问题
I can't run a crawler (named searchengine.py) despite my best effort for the past couple of hours. It seems it could not successfully index the pages as it goes. I will give you the full crawler code. The kind of errors I'm receiving looks like below
Indexing http://www.4futureengineers.com/company.html
Could not parse page http://www.4futureengineers.com/company.html
I am calling searchengine.py by entering the following commands in my Python interactive session (shell).
>> import searchengine
>> crawler=searchengine.crawler('searchindex.db')
>> pages= \
.. ['http://www.4futureengineers.com/company.html']
>> crawler.crawl(pages)
It's giving errors i.e. unsuccessful parsing right after the command crawler.crawl(pages)

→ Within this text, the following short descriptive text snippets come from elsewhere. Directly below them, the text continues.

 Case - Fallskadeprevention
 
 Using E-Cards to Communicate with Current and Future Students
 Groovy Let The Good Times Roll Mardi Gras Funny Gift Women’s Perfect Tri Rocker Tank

Here is the complete source code of searchengine.py
import urllib2
from BeautifulSoup import *
from urlparse import urljoin
from pysqlite2 import dbapi2 as sqlite
# Create a list of words to ignore
ignorewords={'the':1,'of':1,'to':1,'and':1,'a':1,'in':1,'is':1,'it':1}
class crawler:
# Initialize the crawler with the name of database
def __init__(self,dbname):
self.con=sqlite.connect(dbname)
def __del__(self):
self.con.close()
def dbcommit(self):
self.con.commit()
# Auxilliary function for getting an entry id and adding
# it if it's not present
def getentryid(self,table,field,value,createnew=True):
cur=self.con.execute(
"select rowid from %s where %s='%s'" % (table,field,value))
res=cur.fetchone()
if res==None:
cur=self.con.execute(
"insert into %s (%s) values ('%s')" % (table,field,value))
return cur.lastrowid
else:
return res[0]
# Index an individual page
def addtoindex(self,url,soup):
if self.isindexed(url): return
print 'Indexing '+url
# Get the individual words
text=self.gettextonly(soup)
words=self.separatewords(text)
# Get the URL id
urlid=self.getentryid('urllist','url',url)
# Link each word to this url
for i in range(len(words)):
word=words[i]
if word in ignorewords: continue
wordid=self.getentryid('wordlist','word',word)
self.con.execute("insert into wordlocation(urlid,wordid,location) values (%d,%d,%d)" % (urlid,wordid,i))
# Extract the text from an HTML page (no tags)
def gettextonly(self,soup):
v=soup.string
if v==Null:
c=soup.contents
resulttext=''
for t in c:
subtext=self.gettextonly(t)
resulttext+=subtext+'\n'
return resulttext
else:
return v.strip()
# Seperate the words by any non-whitespace character
def separatewords(self,text):
splitter=re.compile('\\W*')
return [s.lower() for s in splitter.split(text) if s!='']
def isindexed(self,url):
u=self.con.execute \
("select rowid from urllist where url='%s'" % url).fetchone()
if u!=None:
#Check if it has actually been crawled
v=self.con.execute(
'select * from wordlocation where urlid=%d' % u[0]).fetchone()
if v!=None: return True
return False
def crawl(self,pages,depth=2):
for i in range(depth):
newpages={}
for page in pages:
try:
c=urllib2.urlopen(page)
except:
print "Could not open %s" % page
continue
try:
soup=BeautifulSoup(c.read())
self.addtoindex(page,soup)
links=soup('a')
for link in links:
if ('href' in dict(link.attrs)):
url=urljoin(page,link['href'])
if url.find("'")!=-1: continue
url=url.split('#')[0] # remove location portion
if url[0:4]=='http' and not self.isindexed(url):
newpages[url]=1
linkText=self.gettextonly(link)
self.addlinkref(page,url,linkText)
self.dbcommit()
except:
print "Could not parse page %s" % page
pages=newpages
# Create the database tables
def createindextables(self):
self.con.execute('create table urllist(url)')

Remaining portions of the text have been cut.